Брик говорил тогда тоном и словами воспитателя, измученного трудновоспитуемым подопечным. Я не поверил своим ушам, не смог представить себе Маяковского — непослушного воспитанника Осипа Брика. И вновь в памяти осветилась картина «чистки» поэтов и поэтессенок, когда Брик в своем защитного серо-зеленого цвета костюме «хаки» делал вид, будто и впрямь председательствует на «чистке». И это при действительном, неуемном, громогласном и единолично всевластном председателе и судье Маяковском!
Она продолжалась, эта «чистка» поэтов. Какой-то молодой человек прочитал стихотворение, одно из тех, какие во множестве печатались тогда во всевозможных журналах на серой бумаге. Профессионально написанное, холодное, не интересное ничем стихотворение.
Маяковский под одобрительные возгласы публики «вдребезги» разделал стихотворение. Но поэт показался ему не безнадежным. Он предложил запретить молодому человеку печатать стихи в течение трех лет и отправить его на выучку к Маяковскому! Публика снова единогласна (почти!): лес поднятых рук. Предложение принято. Но, как ни странно, молодой, «вдребезги» раскритикованный Маяковским, осужденный публикой поэт очень доволен. Радостно улыбаясь, торжествуя, он подошел к краю эстрады и признался во всеуслышание, всенародно, что надул всех присутствующих и самого Маяковского! Стихотворение, которое он только что читал, написано вовсе не им!
— Кем? Кем написано?
— Автор осужденного вами стихотворения... Валерий Брюсов!
Шум. Хохот. Крики. Свистки. Аплодисменты. Вой. Рев. Брику долго не удавалось унять аудиторию.
Спокойнее всех был Маяковский.
— Товарищи и граждане! — прогремел его голос, перекрывая рев.— Раз эти стихи принадлежат Валерию Брюсову, значит, и ваш суровый приговор относится к Валерию Яковлевичу Брюсову.
— То есть ка-ак?
— Очень просто.

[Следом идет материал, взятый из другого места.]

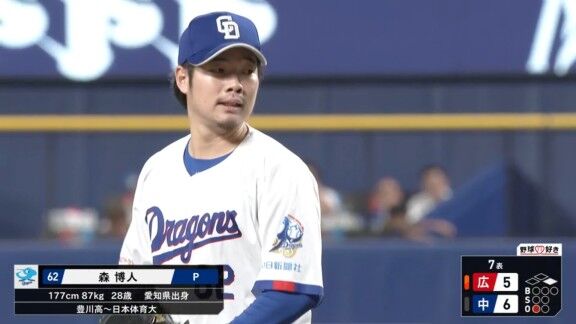 中日・森博人、イニング途中からでも流石のピッチング！！！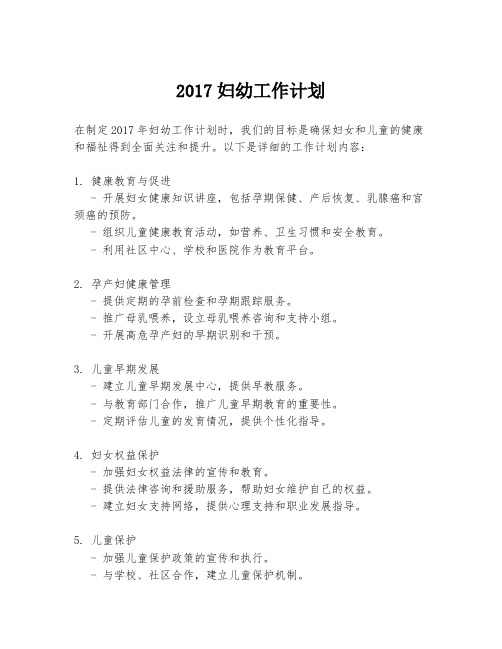 2017妇幼工作计划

Ваш приговор окончательный и обжалованию не подлежит. Валерию Брюсову запрещено писать в течение трех лет... пока не исправится.
Запретить писать Брюсову? Это показалось слишком даже многим из почитателей Маяковского. Что там ни говорите, этого никто не мог ожидать!
Все попытки Осипа Брика утихомирить зал провалились. Один за другим демонстративно поднимались с мест почтенные профессорские фигуры и протискивались к выходу. Кто-то огромный с патриаршей бородой на груди, в распахнутой шубе, возмущенно размахивая руками, демонстративно шагал между рядами. Он еще не успел покинуть зал, как Маяковский, спокойно наблюдавший бурю в зале, иронически заметил но адресу бородача:
— Бриться пошел.
Хохот прокатился по залу. Бородач был сражен. Маяковский вновь — победитель.
И вот тут взбрело мне на ум вступиться за поруганную честь Валерия Брюсова и выступить против Владимира Маяковского.
В Москве я был новичок. Года еще не прошло, как я приехал сюда из Феодосии, где долгое время находился под непосредственным влиянием парнасских поэтических традиций Максимилиана Волошина. Даже с ломаной строкой я не успел еще примириться. Ритмика стихов Маяковского казалась враждебной поэзии. Футуризм, главой которого тогда был Маяковский, вызывал во мне недоброе чувство. А манера Маяковского обращаться с публикой и даже с признанными поэтами возмущала. На «чистку» поэтов я пришел с предубеждением. Все, что наблюдал в течение этого вечера, укрепило меня в убеждении, что Маяковский сам не всерьез относится к «чистке» и что весь этот вечер не более, чем озорство. Я с неодобрением смотрел на безвестных поэтов-юнцов, добровольно пришедших «чиститься», и намеренно сел на эстраде в сторонке от них. А на эстраде я оказался как один из множества членов СОПО —- Союза поэтов, хотя сам к тому времени уже бросил «стихописательство».
Итак, негодующий, никому не ведомый, очень молодой человек попросил слова у председателя Осипа Брика. На мою беду, слово мне было дано. Не иначе, как меня приняли за еще одного стихотворца, принесшего свои вирши на грозный суд Маяковского.